On my next visit to Berlin I will surely follow his advice. 

This could well be the most “exotic” Number 22 and a beer so far, seeing as how more peaople have probably sampled sushi, than a real Wiener Schnitzel, or  that great Austrian dish known as Tafelspitz, in essence boiled beef, but oh, what a beef it is! Austria may be small but its contributions to the gourmet world are endless.

Here we are served a Brettl-Jaus’n or board lunch. A decidedly rustic dish served in all alpine german-speaking regions, but elevated to its culinary peak in Austria. 

photo by andré sander for: Number 22 and a beer

photo by andré sander for: Number 22 and a beer

 

 

 

 

 

 

 

 

 

 

 

 

 

 

„Heuriger in Berlin“

Schivelbeiner Straße 27
10439 Berlin

heuriger-in-berlin.de

Dark Hefe-Weizen   3,40€
Brettljaus’n                8,50€

If you dare to follow the Schievelbeiner Strasse in Berlin’s district Prenzlauer Berg down to almost its end you will come to an Austrian restaurant owned by Gerhard Masopust, who is an enthusiastic Austrian. His assignment is to bring original Wiener Schnitzel to Berlin, and that’s what his restaurant is famous for.
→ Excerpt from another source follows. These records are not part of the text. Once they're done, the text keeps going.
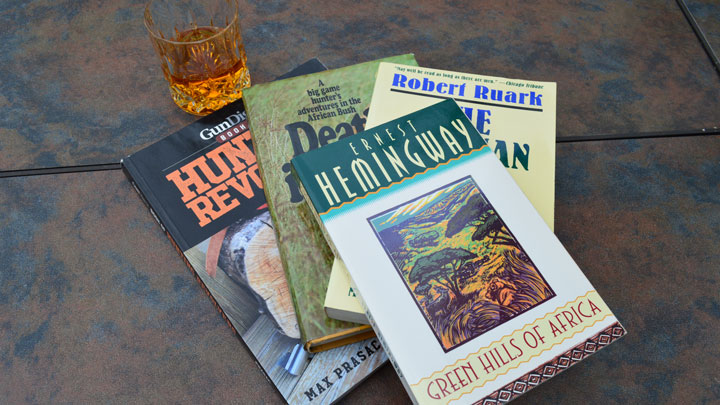 A stack of books with Hemingway&#x27;s &quot;Green Hills of Africa&quot; on top, and a glass of bourbon in the background.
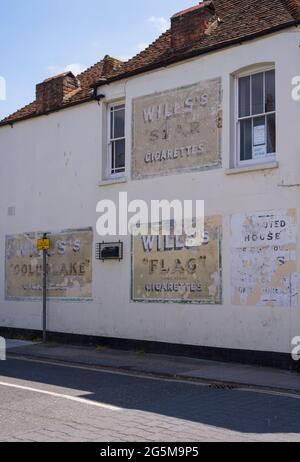 Old and peeling painted Wills's cigarette advertisements on the wall of a building. Whitstable, Kent, England, UK Stock Photo
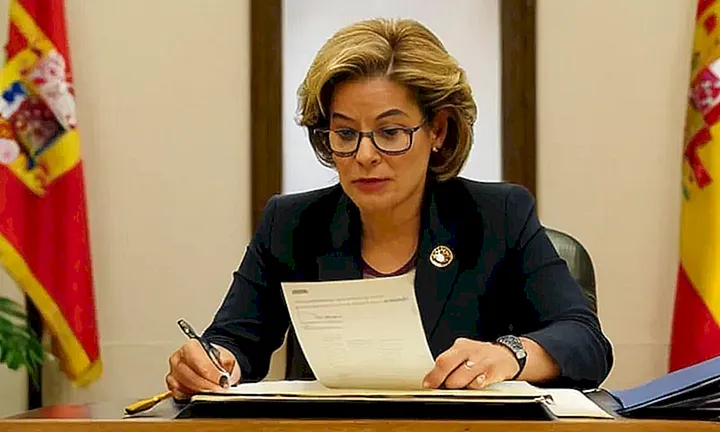 Una mujer y un funcionario del gobierno trabajan en una solicitud de nacionalidad española sentados ante un escritorio gubernamental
And of course that was the reason we went there. But once we had arrived I remembered that nice “#22 and a beer”

tradition and so I skipped all the alternatives on the menu and ordered the #22. The place itself is not too crowded and the atmosphere is typically Austrian with a wooden interior and some kind of Austrian “Volksmusik”, which is not too annoying, since it is only audible in the very background.

Although I felt very hungry, it knocked me off my feet when the Brettljaus’n was brought by the waiter. It was an overloaded wooden plate with lots of meat on it. Salami, boiled ham, lyoner, gammon and Edamer. Ten or more pieces of each. So I probably got half a kilo of toppings. It came with mustard and fresh kren (Austrian horse radish) and some really good sour dough bread. I especially appreciated the bread, since it is hard to find tasty bread nowadays. All of the meat was very good and fresh. Try out the gammon with kren. It’s really yummy! Of course I couldn’t eat all – I ate about a third and even that was too much – but the friendly stuff saved the rest for us.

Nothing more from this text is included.